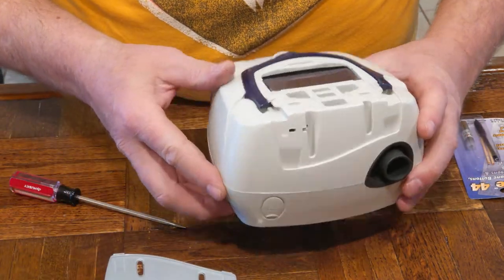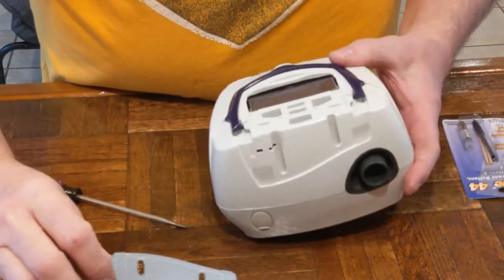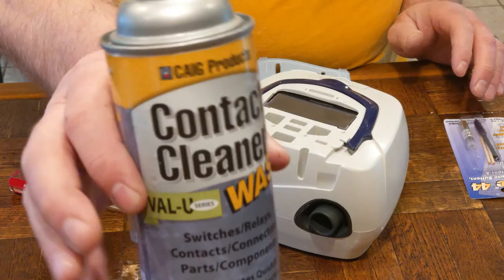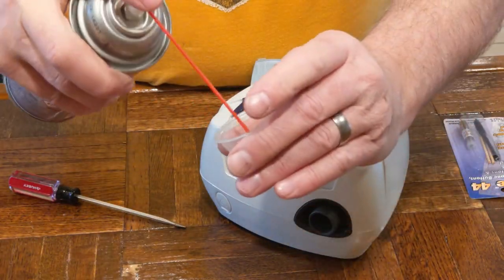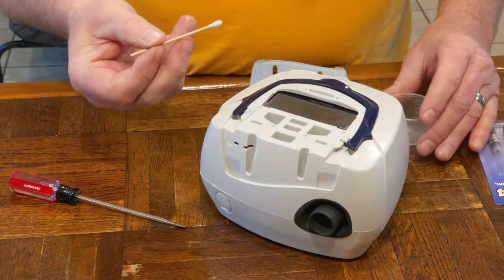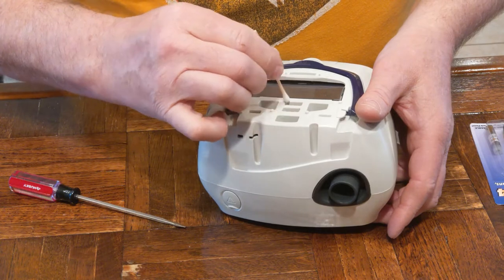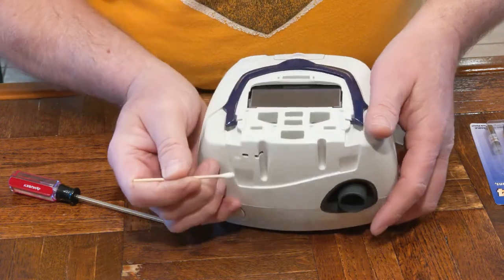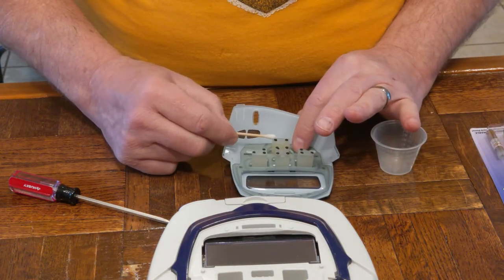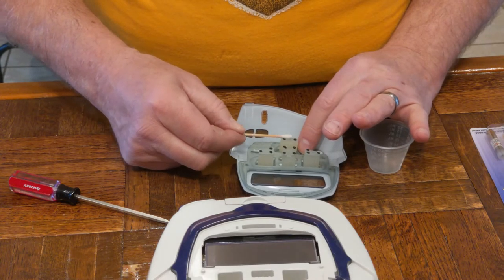You can see down inside the connections — little contacts that are bridged with the membrane switches here. I've got a little contact cleaner. I'm not going to spray it on the equipment but I'm going to spray it into a little cup here, and then use a cotton swab to clean these contact points and also to clean the switch contacts.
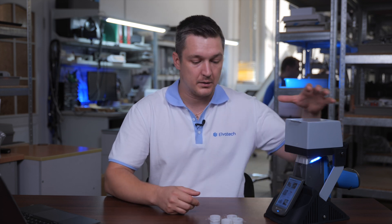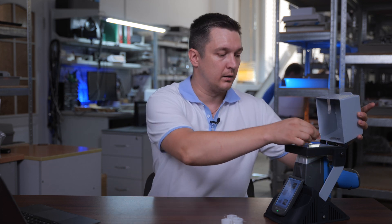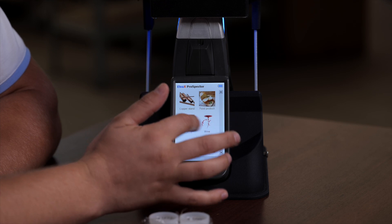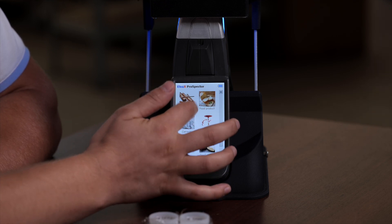As we have already assembled the lab stand, we can start the analysis. We need to place our first sample into the laboratory stand and just close it. After that, we need to choose the right calibration – for this purpose we have a special cement calibration. And now we just need to push the start button and the analysis begins.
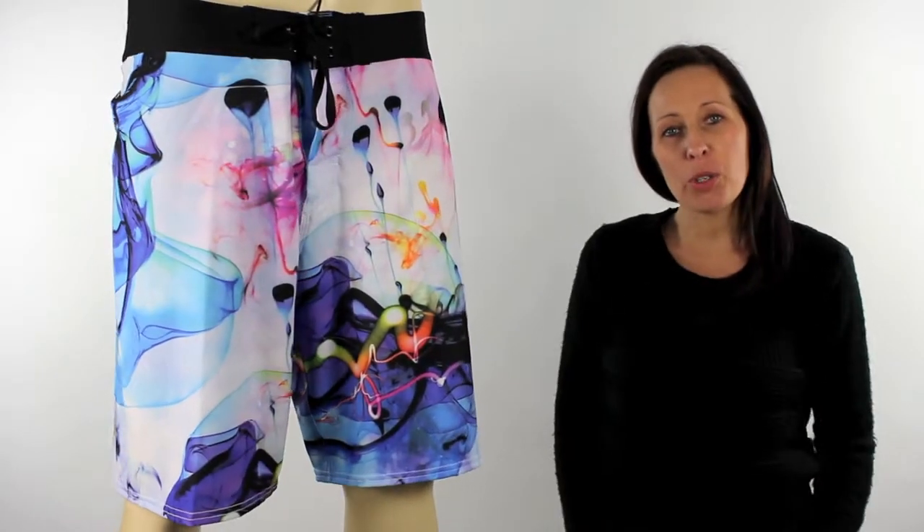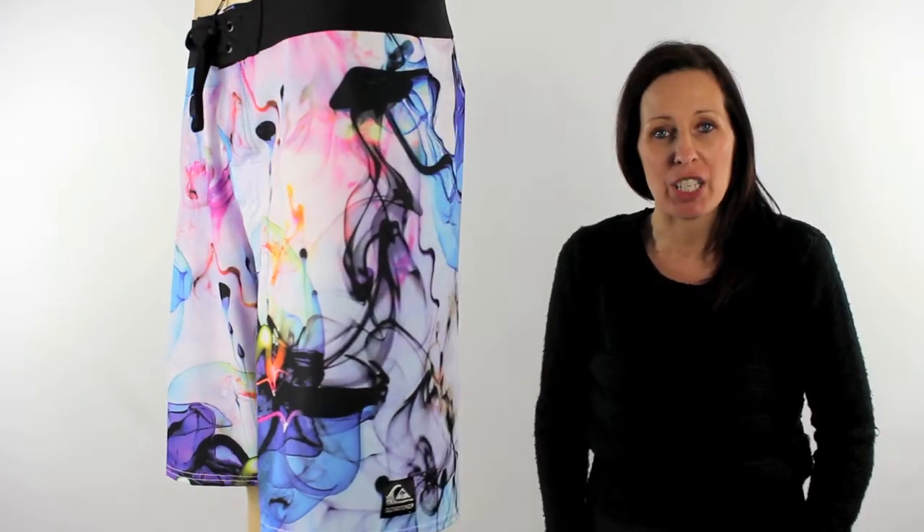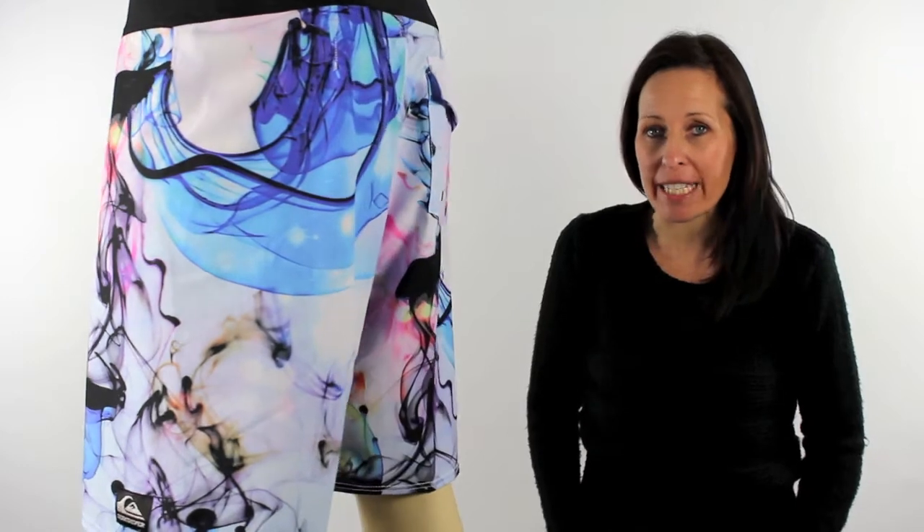Hi there, I'm Tammy at iBoard Shorts, and these super cool looking boardies are part of Quicksilver's core collection, Scratching the Surface, available to just a few core retailers.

> [What is needed]
Reproduce the data word for word; no pictures.

> [Written answer]
You can see down inside the connections — little contacts that are bridged with the membrane switches here. I've got a little contact cleaner. I'm not going to spray it on the equipment but I'm going to spray it into a little cup here, and then use a cotton swab to clean these contact points and also to clean the switch contacts.
As we have already assembled the lab stand, we can start the analysis. We need to place our first sample into the laboratory stand and just close it. After that, we need to choose the right calibration – for this purpose we have a special cement calibration. And now we just need to push the start button and the analysis begins.
Hi there, I'm Tammy at iBoard Shorts, and these super cool looking boardies are part of Quicksilver's core collection, Scratching the Surface, available to just a few core retailers.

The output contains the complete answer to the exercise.